Voilà qui rappelle l’impermanence de notre monde et que nul n’est assuré d’être éternellement leader de son marché (faut-il rappeler le sort funeste de Kodak, Polaroïd, Nokia ou Toys “R” Us ?). Voilà qui incite aussi à l’humilité et, de fait, la tension sur le marché de la cuisine a étouffé les discours d’autopromotion (« nous sommes leaders ou n°1 ») chez les industriels du meuble et de l’électroménager. Les temps actuels et les indices du marché invitent il est vrai, à la prudence. Mais celle-ci garantira-t-elle d’inamovibles positions et une pérennité économique jusqu’à la fin de l’année ? Nul ne peut le gager, ceci d’autant plus que si l’en croit Jean-Baptiste Douin du cabinet de conseil Pictet Wealth Management, « les projections (macroéconomiques) prévoient une hausse du volume des fusions-acquisitions, aux États-Unis, mais également en Europe » favorisée par « le niveau élevé des valorisations, des taux d’intérêts plus bas et des normes de prêts assouplies » (Valeurs Actuelles du 5 mars 2025).
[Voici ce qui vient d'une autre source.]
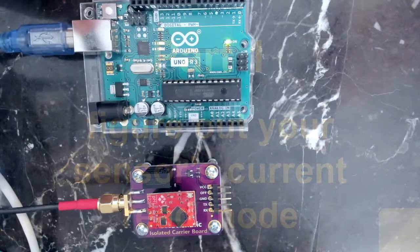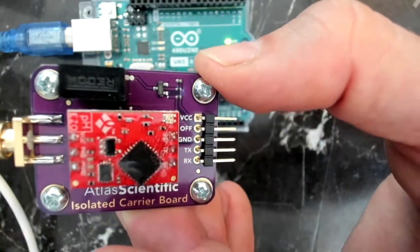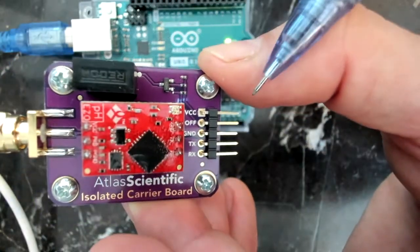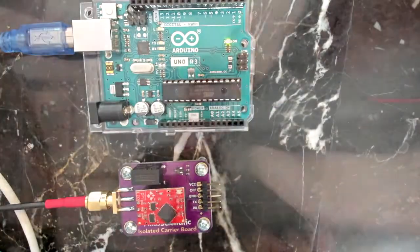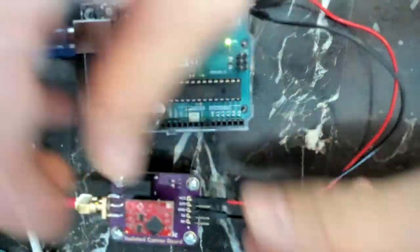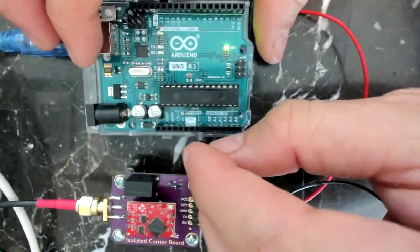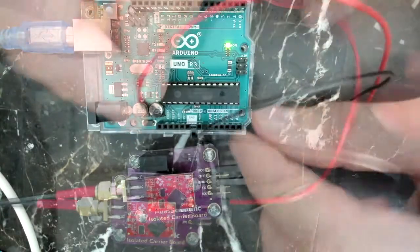The first thing I did is I plugged in my sensor. Now I know you might not have the carrier board, so I'm going to read all the pins out as we work. Black to ground, red to VCC, and I'll plug in black to ground on the Arduino.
Concernant le marché français de la cuisine équipée en France, les taux de fréquentation dans les magasins et les résultats négatifs des fabricants en 2024 tendent à durcir la concurrence et, subséquemment, à fragiliser les industriels du secteur les moins grands ; ou ceux qui disposent de trésorerie moins importante ; ou ceux qui ont le moins investi dans la modernisation de leur site de production pour produire plus afin de vendre à meilleur prix (le haut de gamme échappant à cette mécanique). Nul besoin d’être grand clerc pour savoir qu’il s’agit souvent des mêmes industriels souffrant de ces trois faiblesses et que le proverbe chinois selon lequel « quand les gros maigrissent, les maigres meurent » s’applique en économie libérale. Certes, les fabricants de taille intermédiaire pourront se rassurer en estimant que, s’ils ont moins de moyens, ils ont aussi moins de besoins en termes financiers pour traverser la passe délicate dans laquelle nous sommes.
Il n’empêche : le prix de leur acquisition, moins élevé que pour un leader, peut aussi susciter des convoitises.